アメリカは広いのでチョッと出かけるとなると飛行機になる。

 バス(グレイハウンド)や鉄道(アムトラック)もあるのだが、例えばシアトルからサンフランシスコやロスに出かけるとして、バスや鉄道では到着は翌日になってしまうが、飛行機であれば日帰りすら可能である。

 料金もさほど違わないので移動手段としての優劣は明らかであり、航空路も北米大陸の隅々までよく発達している。

 もっとも、時間に追われて急ぐ必要もなく、ストレートバーボンのグラスでも片手にして移りゆく大陸の雄大な景色を眺めながら旅をしようと言うのであれば、アムトラックとかに限るだろうか。

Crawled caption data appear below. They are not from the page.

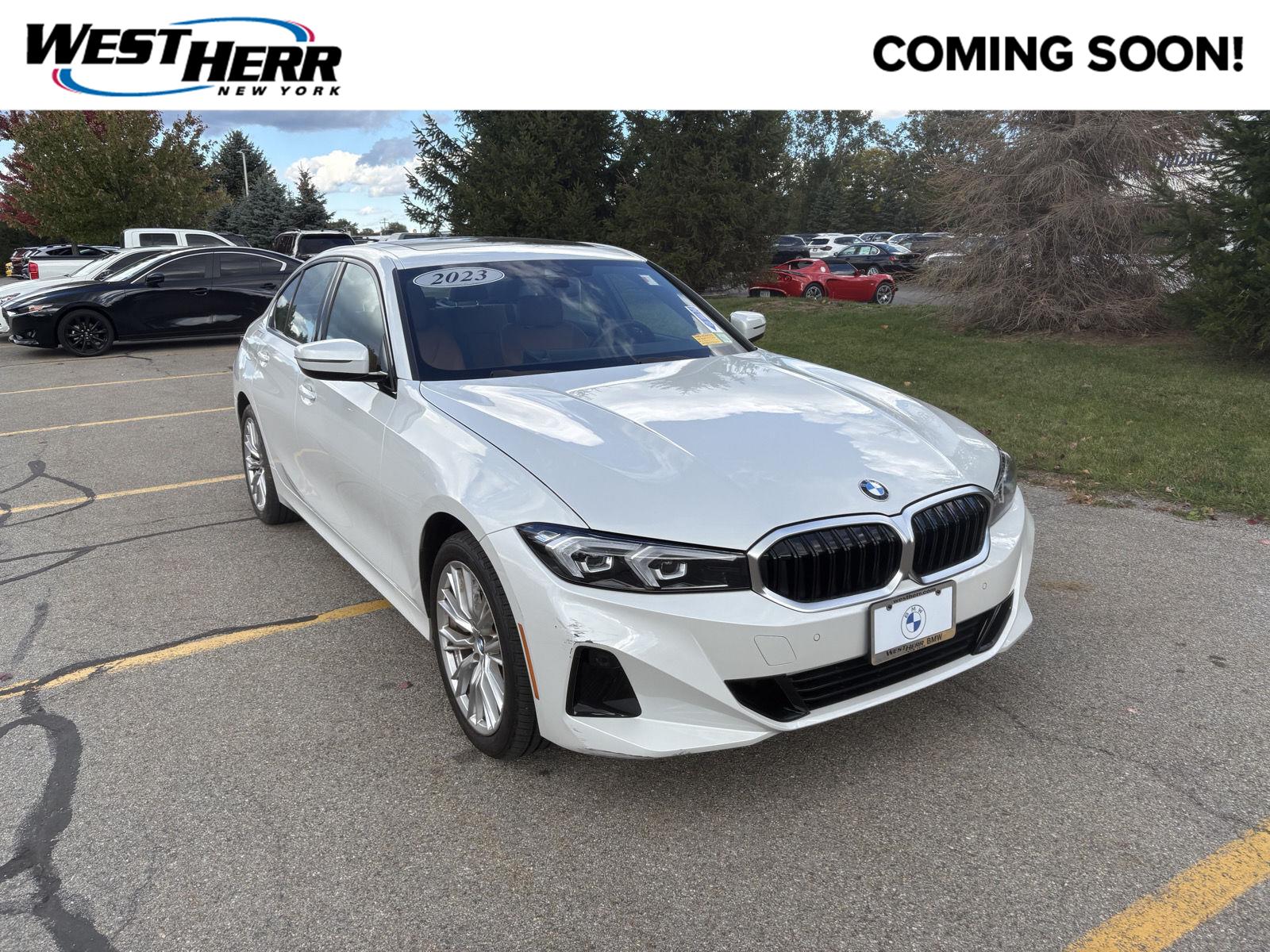Certified 2023 BMW 3 Series 330i xDrive Sedan
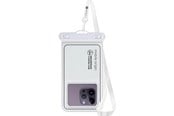 Mobile - Covers & Cases - Mobile Origin Waterproof Floating Case 6 -5" - white/black - DBL-WHT-BLK01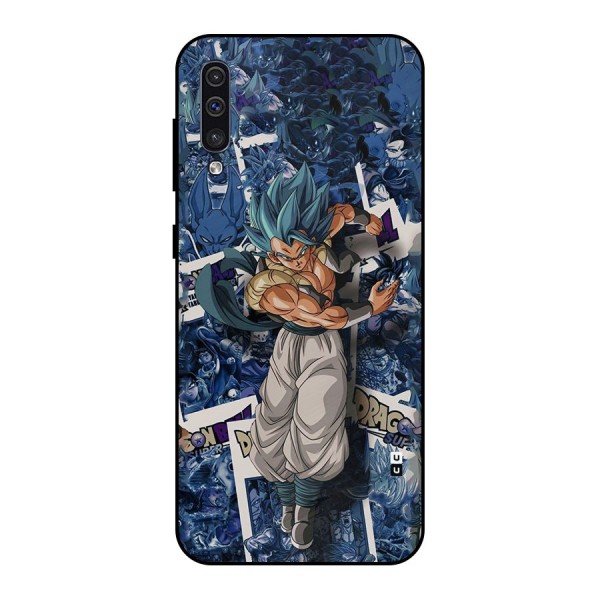 Gogeta Stance Metal Back Case for Galaxy A30s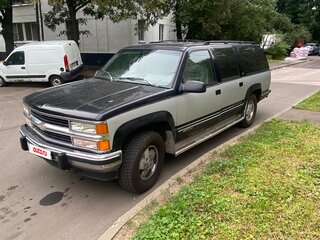 1993 Chevrolet Suburban VIII, чёрный, 2000000 рублей, вид 3
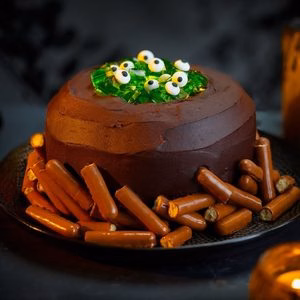 Halloween Cauldron Cake Recipe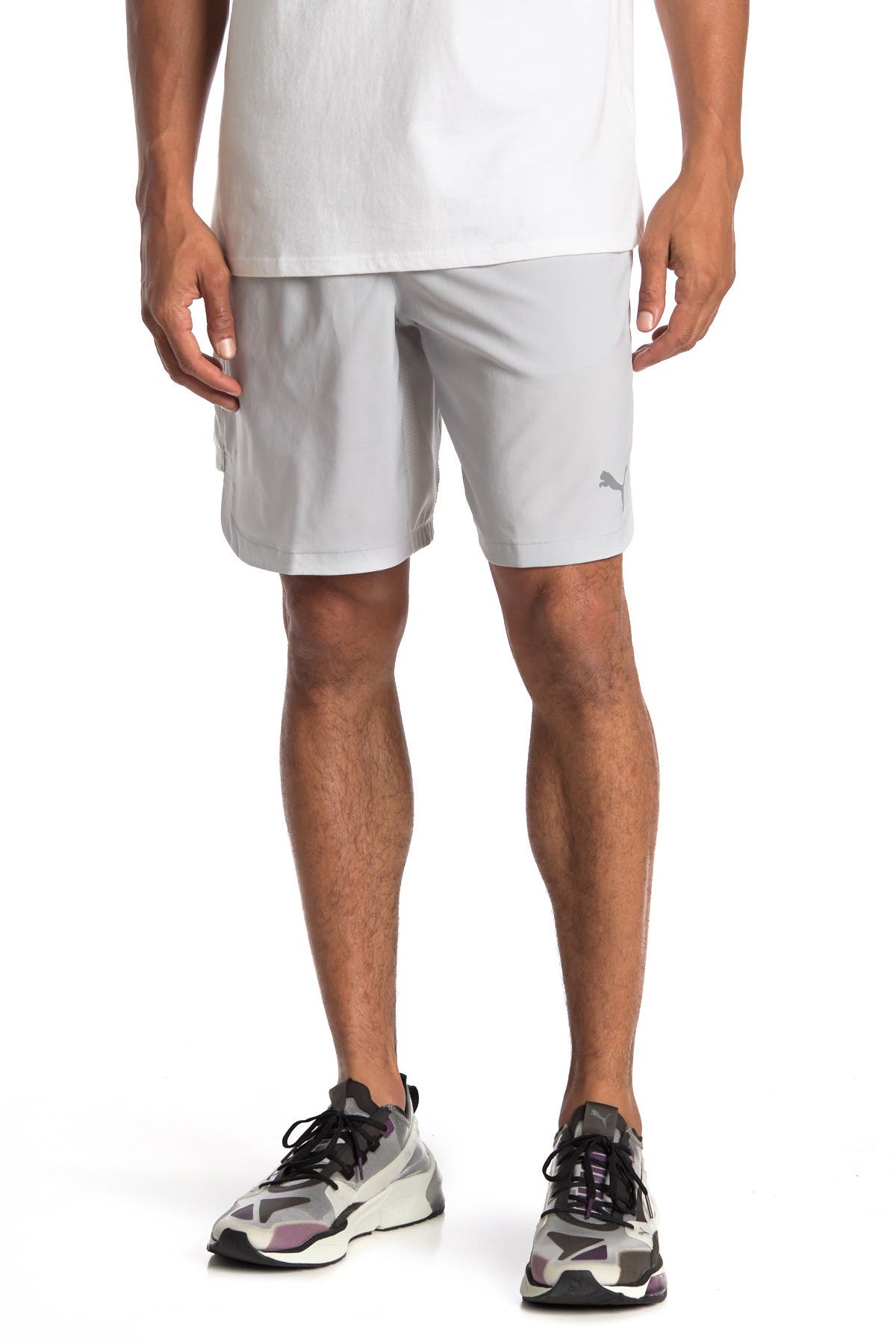 puma khaki shorts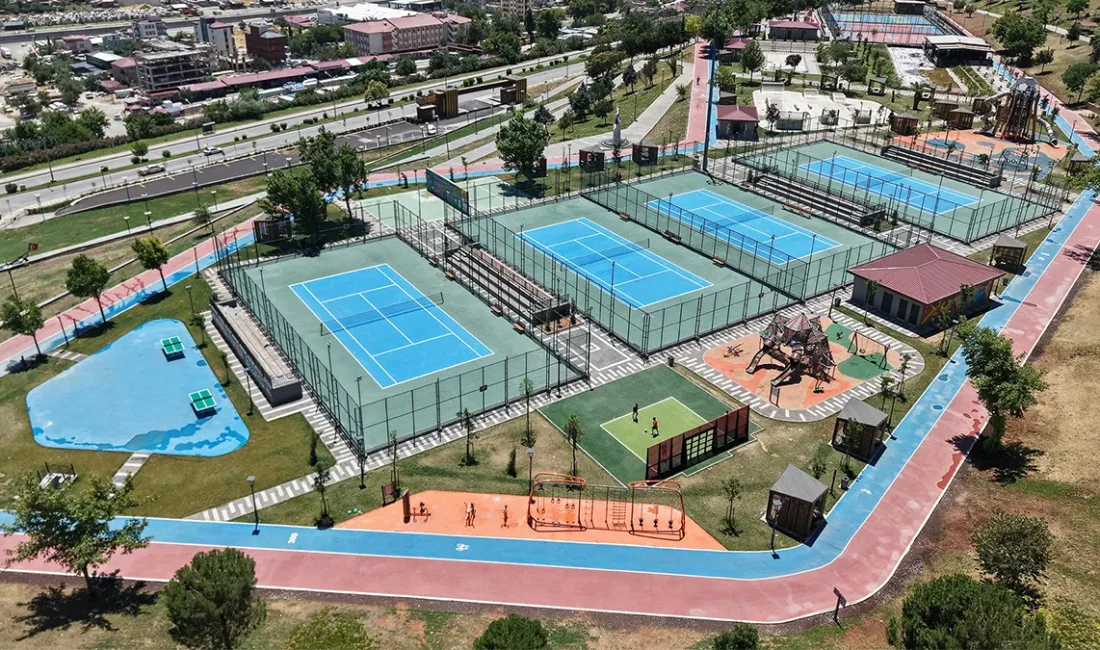 Büyükşehir Belediyesinin gençlerin sportif faaliyetlere daha fazla yönelmesi, vatandaşların sağlıklı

 俺が飛行機に乗るときは、エコノミーの後ろのほうの便所に近い辺りの席で、やはり外の景色が見たいので窓際を選ぶわけだが。

 先日のサウスウエスト航空の事故では、窓際席の乗客が割れた窓から吸い出されたのだという。

 ニューヨーク発ダラス・テキサス行きのSWの737-700が高度320に達したところでNo.1エンジン破壊、破片が主翼・水平尾翼などを損傷し、さらにNo.14窓に当たった破片は窓を破壊してしまい機内の急減圧を生じている。

 該窓際の乗客はシートベルトはしていたとか聞くが、体半分機外に吸い出されてしまい、カウボーイハットの乗客ら周囲が協力して機内に引き入れたという。

 時速800㎞以上で飛んでいるのであり、暴走族のハコ乗りとはわけが違う。 ニューヨーク出張帰りの銀行家の女性だったそうだが、既に意識は無く、乗り合わせていた元看護婦の婆さんらが、着陸してEMSー救急隊に引き渡すまでCPRー心臓蘇生法を施していたのだが、頭部などに致命傷を負っていたそうで残念ながら助からなかった。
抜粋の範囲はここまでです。